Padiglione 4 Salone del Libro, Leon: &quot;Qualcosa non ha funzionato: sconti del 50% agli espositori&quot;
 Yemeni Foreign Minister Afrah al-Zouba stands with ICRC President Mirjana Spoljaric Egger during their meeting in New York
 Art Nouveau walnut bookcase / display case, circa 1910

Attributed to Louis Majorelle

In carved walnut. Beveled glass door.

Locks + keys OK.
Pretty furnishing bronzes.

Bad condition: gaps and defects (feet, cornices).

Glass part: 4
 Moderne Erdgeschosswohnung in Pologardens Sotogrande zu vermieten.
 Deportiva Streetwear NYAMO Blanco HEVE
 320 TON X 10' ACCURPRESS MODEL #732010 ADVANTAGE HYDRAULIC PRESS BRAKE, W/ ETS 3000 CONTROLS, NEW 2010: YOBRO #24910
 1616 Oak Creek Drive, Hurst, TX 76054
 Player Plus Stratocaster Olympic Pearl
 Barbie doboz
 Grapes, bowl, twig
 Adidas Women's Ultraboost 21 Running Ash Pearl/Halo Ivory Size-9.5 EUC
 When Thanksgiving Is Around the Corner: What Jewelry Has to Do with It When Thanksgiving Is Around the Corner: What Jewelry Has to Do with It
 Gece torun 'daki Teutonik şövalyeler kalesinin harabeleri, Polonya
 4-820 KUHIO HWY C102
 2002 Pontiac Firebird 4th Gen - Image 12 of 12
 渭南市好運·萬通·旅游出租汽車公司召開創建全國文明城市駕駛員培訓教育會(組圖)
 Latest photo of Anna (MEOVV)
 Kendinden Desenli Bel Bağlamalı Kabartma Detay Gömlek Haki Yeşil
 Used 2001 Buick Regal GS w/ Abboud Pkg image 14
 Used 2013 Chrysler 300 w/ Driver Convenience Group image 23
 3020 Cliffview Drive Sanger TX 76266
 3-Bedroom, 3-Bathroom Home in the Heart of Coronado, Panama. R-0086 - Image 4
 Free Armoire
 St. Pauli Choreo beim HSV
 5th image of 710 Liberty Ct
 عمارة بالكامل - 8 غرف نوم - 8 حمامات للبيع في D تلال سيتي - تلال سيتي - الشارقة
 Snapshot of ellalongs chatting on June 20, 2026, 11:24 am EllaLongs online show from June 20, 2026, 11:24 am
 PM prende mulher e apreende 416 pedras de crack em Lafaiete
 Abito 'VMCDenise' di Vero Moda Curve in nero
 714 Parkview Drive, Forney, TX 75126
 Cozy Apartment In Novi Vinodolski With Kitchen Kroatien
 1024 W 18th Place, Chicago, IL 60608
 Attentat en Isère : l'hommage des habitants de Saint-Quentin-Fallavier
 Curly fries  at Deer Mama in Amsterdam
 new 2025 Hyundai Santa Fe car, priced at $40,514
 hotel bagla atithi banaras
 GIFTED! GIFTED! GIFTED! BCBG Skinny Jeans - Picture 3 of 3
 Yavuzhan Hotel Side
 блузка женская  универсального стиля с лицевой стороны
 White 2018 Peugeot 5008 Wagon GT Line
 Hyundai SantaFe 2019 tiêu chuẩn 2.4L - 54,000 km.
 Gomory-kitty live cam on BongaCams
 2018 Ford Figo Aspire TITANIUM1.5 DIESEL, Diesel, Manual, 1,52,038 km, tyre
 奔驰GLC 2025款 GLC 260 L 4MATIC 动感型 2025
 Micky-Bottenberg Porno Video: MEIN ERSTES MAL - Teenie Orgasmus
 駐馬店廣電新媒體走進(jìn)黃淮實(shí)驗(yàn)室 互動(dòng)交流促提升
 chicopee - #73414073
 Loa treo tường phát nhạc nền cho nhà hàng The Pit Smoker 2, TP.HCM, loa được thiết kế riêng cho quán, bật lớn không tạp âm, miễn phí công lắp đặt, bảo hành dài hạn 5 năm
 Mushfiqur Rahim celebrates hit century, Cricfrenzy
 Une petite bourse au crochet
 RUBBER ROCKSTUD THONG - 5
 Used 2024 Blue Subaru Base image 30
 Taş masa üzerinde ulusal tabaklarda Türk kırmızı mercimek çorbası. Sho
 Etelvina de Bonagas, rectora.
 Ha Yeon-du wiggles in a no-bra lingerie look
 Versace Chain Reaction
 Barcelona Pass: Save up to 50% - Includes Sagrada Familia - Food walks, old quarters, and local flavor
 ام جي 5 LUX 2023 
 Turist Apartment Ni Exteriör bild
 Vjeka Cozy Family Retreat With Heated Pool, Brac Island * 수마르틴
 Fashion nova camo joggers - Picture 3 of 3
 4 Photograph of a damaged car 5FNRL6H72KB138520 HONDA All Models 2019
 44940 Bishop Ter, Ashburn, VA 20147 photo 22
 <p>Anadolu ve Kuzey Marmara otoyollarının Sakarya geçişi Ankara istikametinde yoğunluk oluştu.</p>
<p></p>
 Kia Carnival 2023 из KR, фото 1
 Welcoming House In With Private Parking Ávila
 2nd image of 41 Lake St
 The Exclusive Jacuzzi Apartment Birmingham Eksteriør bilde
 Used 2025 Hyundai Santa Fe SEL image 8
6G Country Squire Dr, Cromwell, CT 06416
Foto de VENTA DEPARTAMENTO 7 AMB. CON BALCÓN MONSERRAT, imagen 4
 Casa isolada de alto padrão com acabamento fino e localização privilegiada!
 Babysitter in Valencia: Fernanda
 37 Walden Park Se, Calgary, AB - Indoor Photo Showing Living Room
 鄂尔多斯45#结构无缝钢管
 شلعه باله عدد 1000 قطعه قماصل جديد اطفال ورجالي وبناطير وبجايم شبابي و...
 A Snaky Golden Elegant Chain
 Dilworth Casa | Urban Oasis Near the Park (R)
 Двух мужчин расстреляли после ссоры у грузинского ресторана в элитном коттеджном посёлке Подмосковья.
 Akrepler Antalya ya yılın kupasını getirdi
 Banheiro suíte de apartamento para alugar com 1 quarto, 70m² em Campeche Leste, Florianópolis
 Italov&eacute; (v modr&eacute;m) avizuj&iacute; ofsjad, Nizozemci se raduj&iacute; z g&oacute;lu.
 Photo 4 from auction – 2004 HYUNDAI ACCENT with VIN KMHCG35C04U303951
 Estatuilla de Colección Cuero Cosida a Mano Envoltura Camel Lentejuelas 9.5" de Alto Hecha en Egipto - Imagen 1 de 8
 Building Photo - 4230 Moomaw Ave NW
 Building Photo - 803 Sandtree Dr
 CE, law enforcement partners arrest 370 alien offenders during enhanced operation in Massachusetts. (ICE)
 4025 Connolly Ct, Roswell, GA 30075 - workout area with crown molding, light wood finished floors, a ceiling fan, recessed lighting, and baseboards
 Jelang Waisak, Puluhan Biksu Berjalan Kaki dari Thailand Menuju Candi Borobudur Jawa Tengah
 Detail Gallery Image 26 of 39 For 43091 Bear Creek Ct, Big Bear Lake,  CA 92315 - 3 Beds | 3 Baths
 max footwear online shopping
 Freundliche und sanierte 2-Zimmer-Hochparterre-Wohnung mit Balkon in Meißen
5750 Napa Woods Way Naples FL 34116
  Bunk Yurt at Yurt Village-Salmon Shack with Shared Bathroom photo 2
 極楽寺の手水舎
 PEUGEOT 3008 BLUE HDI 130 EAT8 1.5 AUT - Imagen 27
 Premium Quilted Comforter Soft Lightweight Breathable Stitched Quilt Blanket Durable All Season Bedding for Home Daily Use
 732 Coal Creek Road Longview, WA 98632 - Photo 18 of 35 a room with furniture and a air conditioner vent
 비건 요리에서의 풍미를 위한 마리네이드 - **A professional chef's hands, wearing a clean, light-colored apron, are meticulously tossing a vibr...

## PROBLEM TO SOLVE
For this exercise, repeat exactly the lines of the data above from the one with "Used 2001 Buick" down to the one with "Snapshot of ellalongs", both end lines included.

## EXERCISE ANSWER
 Used 2001 Buick Regal GS w/ Abboud Pkg image 14
 Used 2013 Chrysler 300 w/ Driver Convenience Group image 23
 3020 Cliffview Drive Sanger TX 76266
 3-Bedroom, 3-Bathroom Home in the Heart of Coronado, Panama. R-0086 - Image 4
 Free Armoire
 St. Pauli Choreo beim HSV
 5th image of 710 Liberty Ct
 عمارة بالكامل - 8 غرف نوم - 8 حمامات للبيع في D تلال سيتي - تلال سيتي - الشارقة
 Snapshot of ellalongs chatting on June 20, 2026, 11:24 am EllaLongs online show from June 20, 2026, 11:24 am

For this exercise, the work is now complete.